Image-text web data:
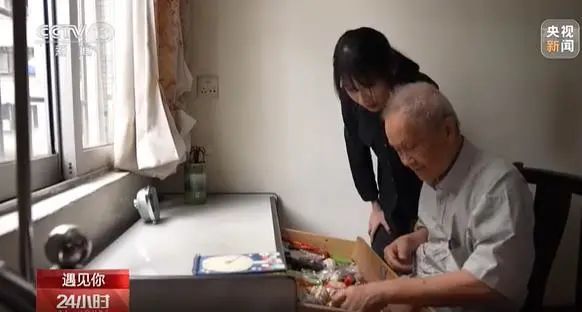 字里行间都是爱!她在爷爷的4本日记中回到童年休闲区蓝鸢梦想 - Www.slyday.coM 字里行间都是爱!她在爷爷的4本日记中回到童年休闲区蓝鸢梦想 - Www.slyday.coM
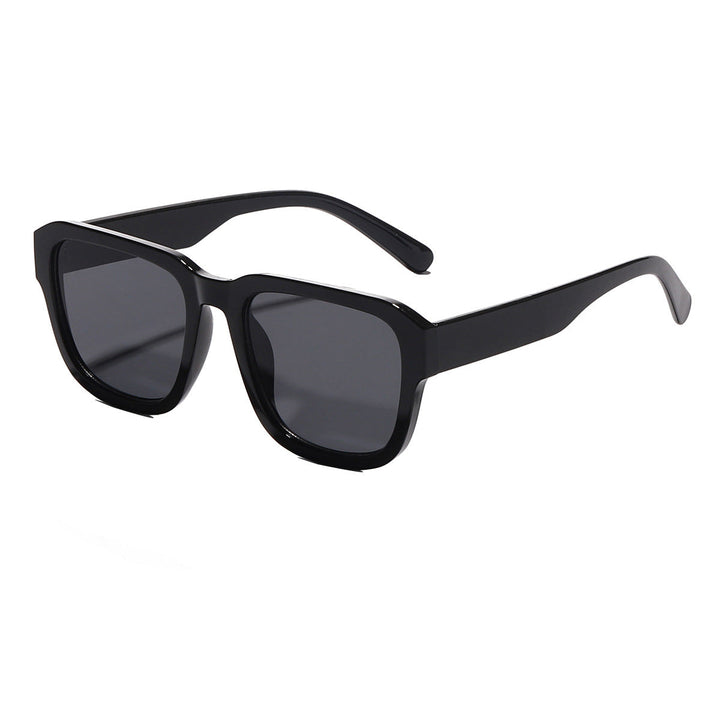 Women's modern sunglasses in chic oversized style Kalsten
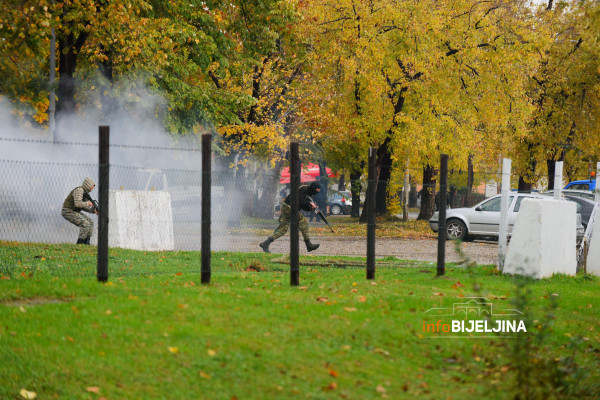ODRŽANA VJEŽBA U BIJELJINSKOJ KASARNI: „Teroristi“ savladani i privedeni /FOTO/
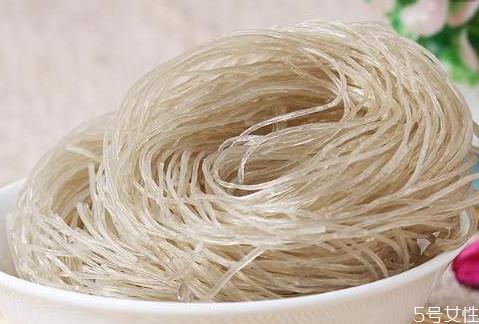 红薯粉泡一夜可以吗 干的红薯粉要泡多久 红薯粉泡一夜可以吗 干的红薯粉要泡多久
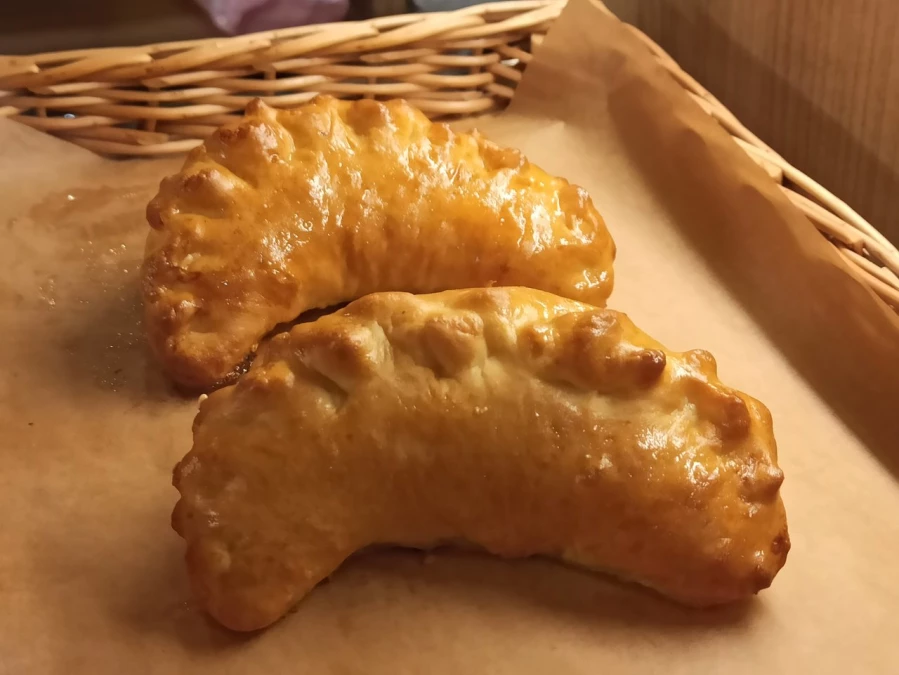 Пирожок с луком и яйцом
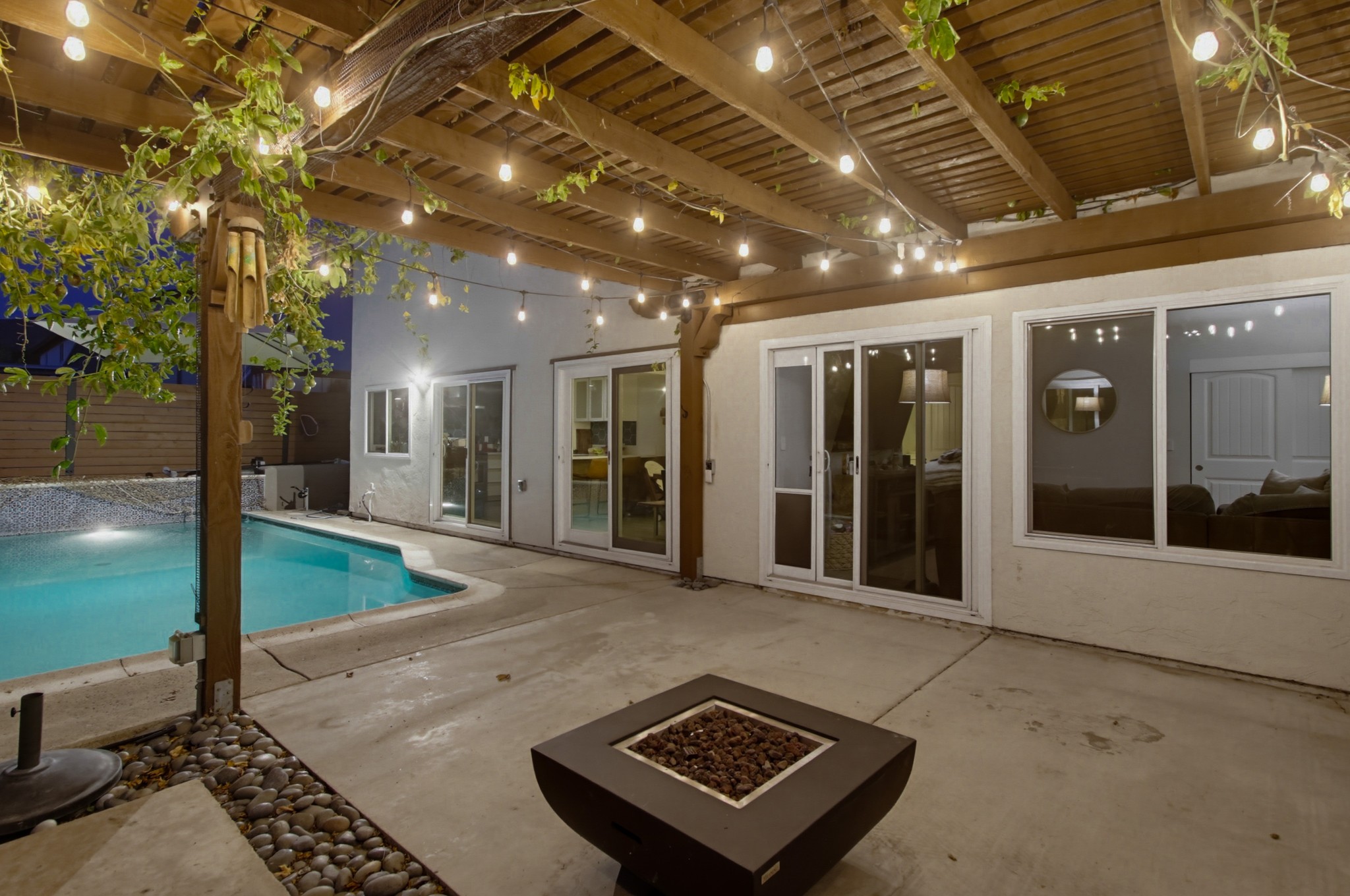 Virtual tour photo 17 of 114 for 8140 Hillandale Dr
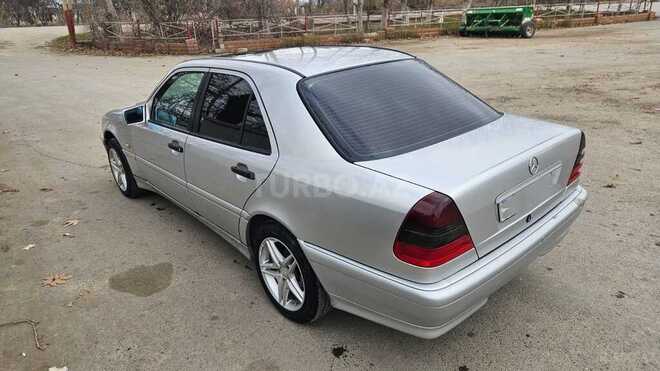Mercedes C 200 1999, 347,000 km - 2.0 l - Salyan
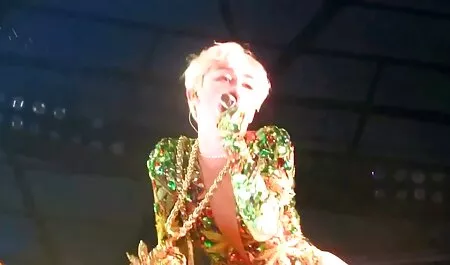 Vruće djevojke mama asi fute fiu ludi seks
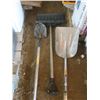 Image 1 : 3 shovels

Exercise details: The lines from the one with "Пирожок с луком и яйцом" to the end of the data above should be retyped exactly, both ends included, and pictures are to be left out.

Exercise answer:
 Пирожок с луком и яйцом
 Virtual tour photo 17 of 114 for 8140 Hillandale Dr
Mercedes C 200 1999, 347,000 km - 2.0 l - Salyan
 Vruće djevojke mama asi fute fiu ludi seks
 Image 1 : 3 shovels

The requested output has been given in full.